Makro dengelerin çok hızlı değişebildiğini belirten Polat, şöyle devam etti:

"Salgın sonrasında tedarik zincirindeki kırılmalar, ticari koruma politikalarının öne çıkması veya bazı bölgesel çatışmalar, tansiyonlar yatırımcıları etkileyebiliyor. Ancak, doğrudan yatırımlar çok daha uzun vadeli perspektiflerle yapılan yatırımlar. Türkiye Cumhuriyeti'nin 100 yıllık tarihine baktığımızda 100 yıldır ülkemizde yatırımları ve faaliyetleri olan uluslararası firmalar mevcut. Hatta Cumhuriyet'ten de önce ülkemize gelmiş ve halen faaliyetlerine devam eden uluslararası doğrudan yatırımlar var. Türkiye'nin bir hikayesi var."

Polat, Türkiye'nin salgın sonrası dönemde dijital ve yeşil dönüşüm ile Avrupa'nın en önemli tedarikçilerinden biri haline geldiğini kaydederek, Türkiye’nin gümrük birliği ve serbest ticaret anlaşmaları sayesinde 1,3 milyar insana ve 30 trilyon dolarlık bir ekonomiye erişim sağlayan bir konumda bulunduğunun altını çizdi.

Avrupa, Kuzey Amerika ve Uzak Doğu'dan gelen yatırımların arttığını vurgulayan Polat, "2002'de toplam 5 bin 600 uluslararası sermayeli firma varken, bugün bu sayı 82 bini aştı. 2002 öncesinde yılda ortalama 1 milyar dolar yatırım gelirken; son 20 yılda, yıllık ortalama 13 milyar yatırım çekiyoruz.

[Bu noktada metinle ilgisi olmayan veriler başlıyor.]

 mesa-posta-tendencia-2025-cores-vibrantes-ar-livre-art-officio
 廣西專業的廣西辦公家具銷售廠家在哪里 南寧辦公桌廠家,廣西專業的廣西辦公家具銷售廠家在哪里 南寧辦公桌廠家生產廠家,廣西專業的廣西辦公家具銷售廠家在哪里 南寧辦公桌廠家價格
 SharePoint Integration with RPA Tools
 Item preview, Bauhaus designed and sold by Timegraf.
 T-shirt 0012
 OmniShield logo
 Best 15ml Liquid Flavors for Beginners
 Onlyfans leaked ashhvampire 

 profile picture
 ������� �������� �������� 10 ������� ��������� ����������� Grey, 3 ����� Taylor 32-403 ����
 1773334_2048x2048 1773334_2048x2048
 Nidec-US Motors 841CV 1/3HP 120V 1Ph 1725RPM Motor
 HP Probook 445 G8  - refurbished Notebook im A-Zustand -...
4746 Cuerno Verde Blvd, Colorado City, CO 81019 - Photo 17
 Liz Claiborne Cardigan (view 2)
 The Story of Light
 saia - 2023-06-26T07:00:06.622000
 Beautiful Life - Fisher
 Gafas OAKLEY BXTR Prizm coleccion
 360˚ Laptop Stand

Avrupa Ülke Çekiciliği Araştırması 2024 sonuçlarına göre, Türkiye sıfırdan yapılan yatırımlarda 7. sıradan Fransa, İngiltere, Almanya’nın ardından 4. sıraya yükseldi." şeklinde konuştu.

Polat, 2024-2028 arasında uluslararası doğrudan yatırım stratejisinde yeşil ve dijital dönüşüm önemli iki odak olduğunu anımsatarak, "Türkiye'nin son 20 yılda yüzde 5,4 büyüme ortalaması yakalayan ekonomisi, genç ve dinamik nüfusu, gelişmiş altyapısı ve dijitalleşme alanındaki yatırımları uluslararası yatırımcılar için cazip kılmaktadır. Birçok uluslararası firma artık Türkiye'yi AR-GE yapmak için bir bölgesel üs olarak kullanmaya başladı." değerlendirmesinde bulundu.

Cumhurbaşkanlığı Yatırım Ofisi olarak diğer kamu kurumlarıyla koordinasyon içinde yatırımcıların, yatırım deneyimlerini kolaylaştıracak ve hızlandıracak şekilde projelerini hayata geçirmelerine destek olduklarını belirten Polat, "Bu destekler yatırım tamamlandıktan sonra da bitmiyor çünkü aslında yatırımın büyük bir kısmı mevcut yatırımcıların genişleme yatırımlarıyla da geliyor. O yüzden biz mevcut yatırımcılarla da devamlı iletişimdeyiz. Bu süreç ilk temastan fabrika açılış anına kadarki tüm aşamaları kapsıyor." ifadelerini kullandı.